Exercise instructions = Among the records below, find the line that has "Photo #4: 2160996 Listing"; from there, give the lines again exactly, and stop after the line that has "LINDA CASA EN VENTA EN LA COLONIA AZCCORRA".

Material for this task =
☆ ☆ ☆
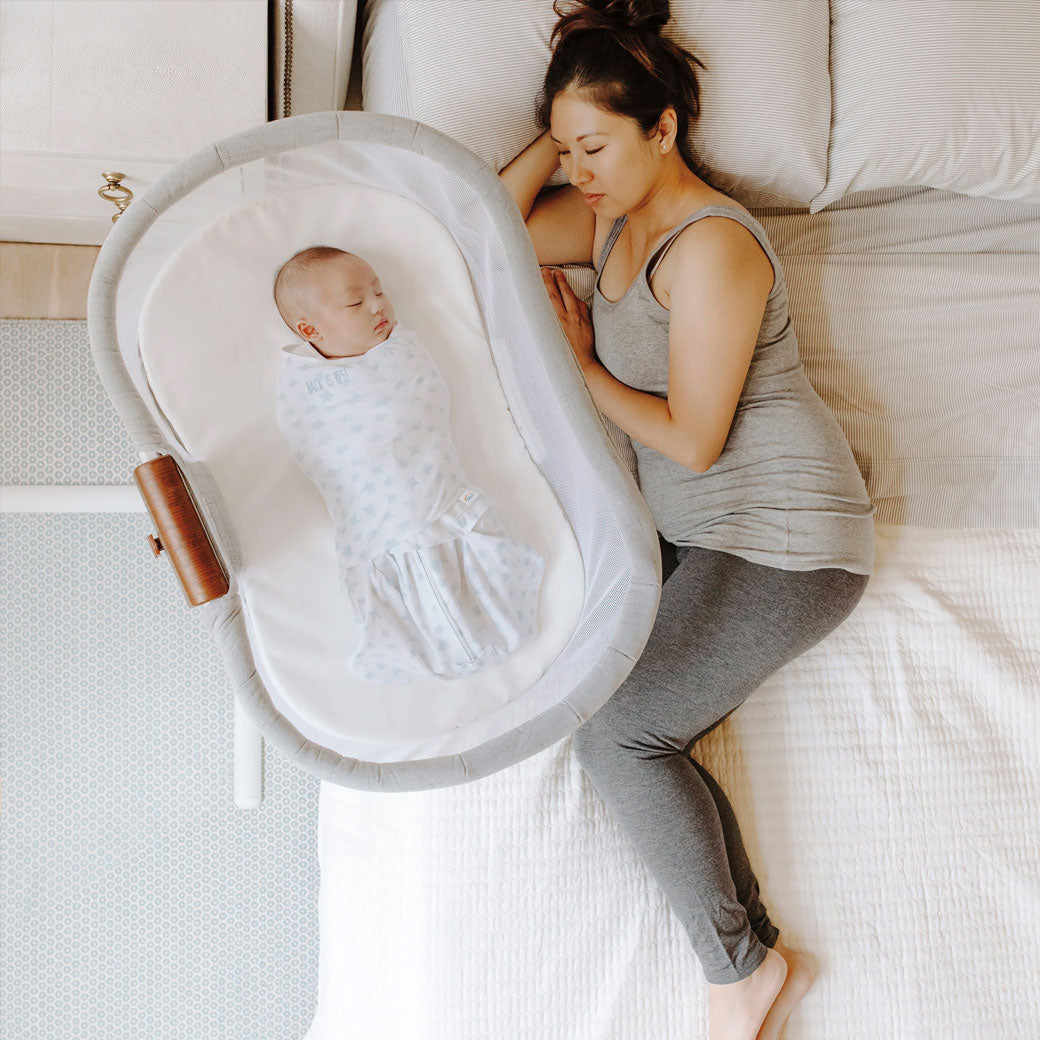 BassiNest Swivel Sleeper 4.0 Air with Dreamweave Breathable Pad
☆ ☆ ☆
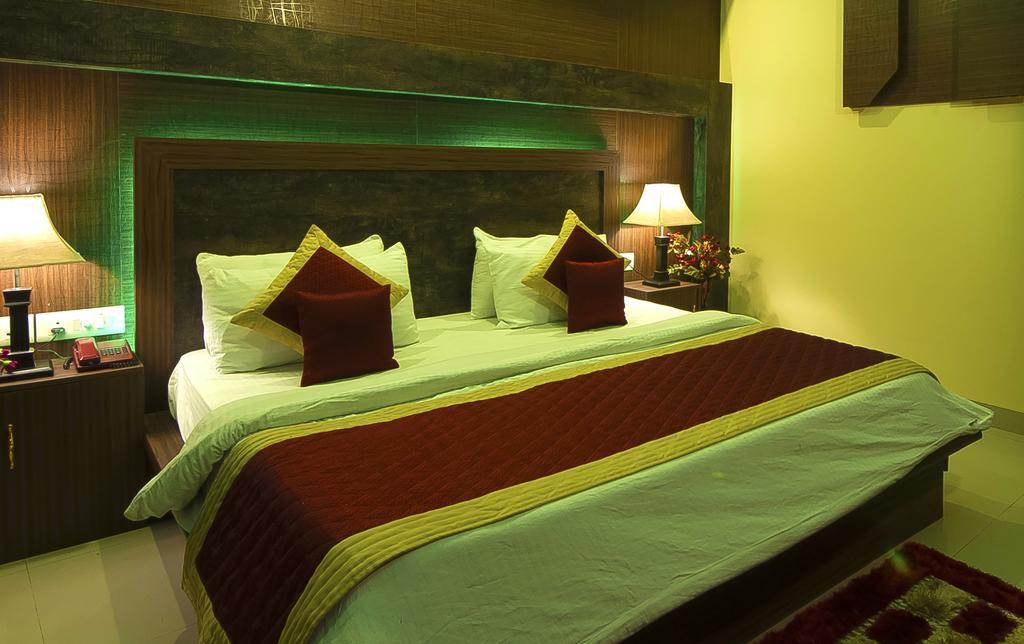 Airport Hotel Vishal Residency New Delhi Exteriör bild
☆ ☆ ☆
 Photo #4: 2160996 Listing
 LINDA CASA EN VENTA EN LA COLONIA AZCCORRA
☆ ☆ ☆
Result =
 Photo #4: 2160996 Listing
 LINDA CASA EN VENTA EN LA COLONIA AZCCORRA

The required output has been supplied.